La culpa es del gimnasio
Estábamos haciendo ejercicios, en las máquinas. Y la observaba por uno de los espejos. Parecía más delgada. Era la primera vez que la veía en persona. Quizá era suerte o un turno que ella cambiado. No lo sé.
En el espejo no alcanzaba a divisarle el rostro. No era tan necesario en ese primer contacto. El calor allí adentro nos hacía beber líquido como si nunca hubiéramos aprendido de los beduinos por el Sahara. También creí que ella era culpable de la sed inesperada.
Llegué al gimnasio por la insistencia de mi novia. Ella me dijo un día que si no hacía ejercicio no habría más sexo. O sea, no habría más buen sexo. O del que me gusta a mí y no sé cuánto a ella.
Lo cierto es que quiso darme a entender que todo podía irse al mismísimo infierno si no me cuidaba. Vamos, que tampoco yo creía ser una estrella de rock, famélico y sin hambre, delgado y con la sangre envenenada. Pero parece que el abuso de mis pasiones con la gastronomía estuvo a punto de arruinar nuestra vida sexual.

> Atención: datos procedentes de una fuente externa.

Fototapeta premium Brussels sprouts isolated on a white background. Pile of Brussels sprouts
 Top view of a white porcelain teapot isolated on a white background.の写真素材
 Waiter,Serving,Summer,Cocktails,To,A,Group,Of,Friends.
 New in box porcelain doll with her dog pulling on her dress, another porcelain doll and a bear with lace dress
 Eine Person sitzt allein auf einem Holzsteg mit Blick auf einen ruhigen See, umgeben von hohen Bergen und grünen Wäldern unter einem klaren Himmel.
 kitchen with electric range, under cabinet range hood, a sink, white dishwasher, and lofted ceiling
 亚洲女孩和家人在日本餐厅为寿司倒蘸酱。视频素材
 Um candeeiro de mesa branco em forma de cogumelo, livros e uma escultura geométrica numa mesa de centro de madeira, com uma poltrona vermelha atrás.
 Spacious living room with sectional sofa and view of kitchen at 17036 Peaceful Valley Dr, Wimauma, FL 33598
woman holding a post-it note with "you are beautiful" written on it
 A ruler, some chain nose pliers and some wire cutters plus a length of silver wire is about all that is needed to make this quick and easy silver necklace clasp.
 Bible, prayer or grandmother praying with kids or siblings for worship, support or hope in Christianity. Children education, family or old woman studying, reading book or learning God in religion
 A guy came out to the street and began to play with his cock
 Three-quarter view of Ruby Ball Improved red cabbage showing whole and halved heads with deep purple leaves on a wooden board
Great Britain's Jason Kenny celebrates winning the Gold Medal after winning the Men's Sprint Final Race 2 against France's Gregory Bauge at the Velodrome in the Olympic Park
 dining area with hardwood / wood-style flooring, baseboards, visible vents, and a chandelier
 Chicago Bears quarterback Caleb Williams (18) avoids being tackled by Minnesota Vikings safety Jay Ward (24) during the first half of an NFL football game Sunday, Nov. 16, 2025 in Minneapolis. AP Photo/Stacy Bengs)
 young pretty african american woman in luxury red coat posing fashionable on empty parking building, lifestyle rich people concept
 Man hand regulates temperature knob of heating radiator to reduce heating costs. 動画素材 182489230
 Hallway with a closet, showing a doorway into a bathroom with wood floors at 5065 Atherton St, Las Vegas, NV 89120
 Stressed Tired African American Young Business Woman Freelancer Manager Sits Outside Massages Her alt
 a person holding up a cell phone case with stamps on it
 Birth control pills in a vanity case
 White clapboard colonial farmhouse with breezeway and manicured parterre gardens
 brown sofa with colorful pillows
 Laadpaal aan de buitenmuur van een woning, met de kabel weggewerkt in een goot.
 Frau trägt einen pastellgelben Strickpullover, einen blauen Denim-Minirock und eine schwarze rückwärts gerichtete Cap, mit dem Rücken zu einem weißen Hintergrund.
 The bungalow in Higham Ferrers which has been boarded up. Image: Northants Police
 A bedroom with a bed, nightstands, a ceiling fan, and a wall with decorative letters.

La oí a mi novia en su insistencia y hasta me pareció razonable venir a este gimnasio, tres veces por semana. Siempre he pasado de lejos por estos lugares. Sólo podría decir que los identifico porque oigo una música como hecha con máquinas de lavar ropa. Pero me decidí a ingresar al gimnasio, sin pensarlo demasiado, sin reparar en detalles.
La misión era terminar con aquella amenaza proferida por mi novia.
Antes de esto nunca hubiera imaginado que estaría viendo a esta morocha, desde atrás, gracias la magia de un espejo. Estaba ligera de ropas, toda transpirada por los ejercicios, el cabello atado, saliéndole el resto de pelo como las crines de un caballo salvaje. La empecé a mirar y nunca más pude parar. Bebía agua, sin demasiada razón.
Lo peor vino más tarde, después de varios minutos, en los cuales yo me encontraba pedaleando sobre una bicicleta fija como un neurótico. Allí me percaté que ella también me estaba mirando, gracias a otro espejo, en el cual yo no había reparado.
Sólo en ese momento sentí vergüenza. Y dejé de mirarla, como si su descubrimiento hubiera invadido mi pudor. El cazador cazado.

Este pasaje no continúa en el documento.